The implications for the global AI race are profound and increasingly visible. The hardware shortage is forcing Chinese companies to pivot their research and development toward "efficiency-led" innovation. Unable to match the sheer brute-force computing power used by American firms like OpenAI or Anthropic, Chinese developers are focusing on optimizing smaller models and finding ways to squeeze more performance out of less capable hardware. However, for the training of massive, frontier-level large language models that require tens of thousands of synchronized GPUs, there is no easy software fix for a fundamental hardware deficit. The widening performance gap between the top-tier models in the West and those being produced in China is becoming a tangible byproduct of these supply chain constraints. While China remains highly competitive in AI applications and integration, the underlying infrastructure that fuels the next generation of model scaling is currently built on a fragile foundation.
In response to the crisis, a thriving shadow market has emerged, characterized by smuggling and the use of shell companies to procure restricted components. Reports of billions of dollars in banned hardware entering China through illicit channels highlight the desperation of local firms to keep pace with global developments. Yet, these clandestine networks cannot provide the scale, technical support, or long-term stability required for a national-level AI strategy. The Chinese government has doubled down on its mandate for "domestic substitution," pressuring local firms to abandon foreign chips in favor of homegrown silicon.

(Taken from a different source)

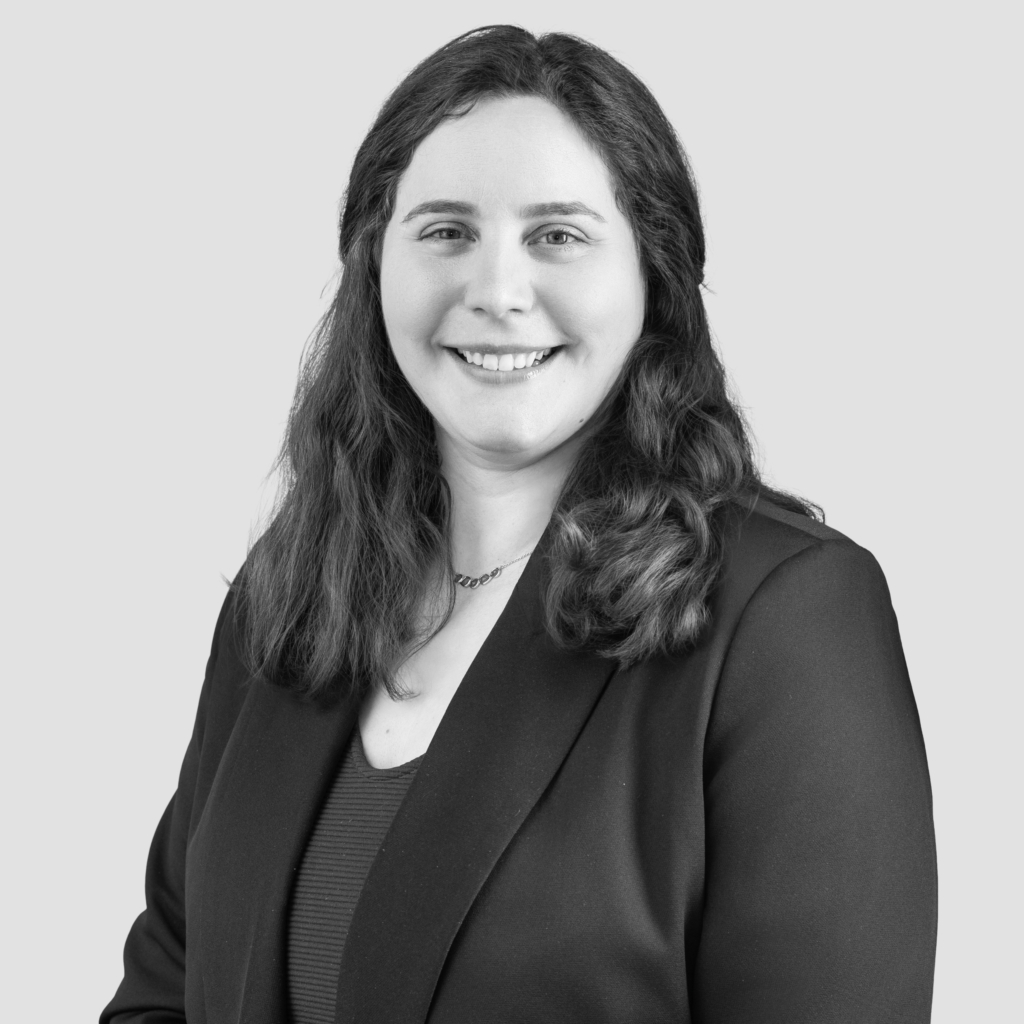 headshot for Isabel Francis, Senior Associate<br />
Broadfield UK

While this policy is intended to stimulate the local industry, in the short term, it risks creating a "cost squeeze," where Chinese companies pay more for less capable hardware, further draining the resources they need for software innovation.

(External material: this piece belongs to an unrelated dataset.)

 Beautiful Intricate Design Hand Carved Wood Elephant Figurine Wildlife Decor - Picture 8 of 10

Ultimately, China’s path to AI self-sufficiency is proving to be a marathon characterized by extreme physical and technical hurdles. While the country has demonstrated a remarkable ability to innovate under the pressure of sanctions, the laws of physics and the complexities of high-end semiconductor manufacturing are not easily bypassed by state decrees or capital alone. The current production crisis is a stark reminder that the AI revolution is as much a triumph of materials science and manufacturing precision as it is of algorithmic brilliance. Until domestic suppliers can solve the dual crises of low fabrication yields and critical component scarcity, the Chinese AI industry will remain in a state of suspended acceleration—possessing a world-class vision for the future but lacking the physical building blocks to reach it.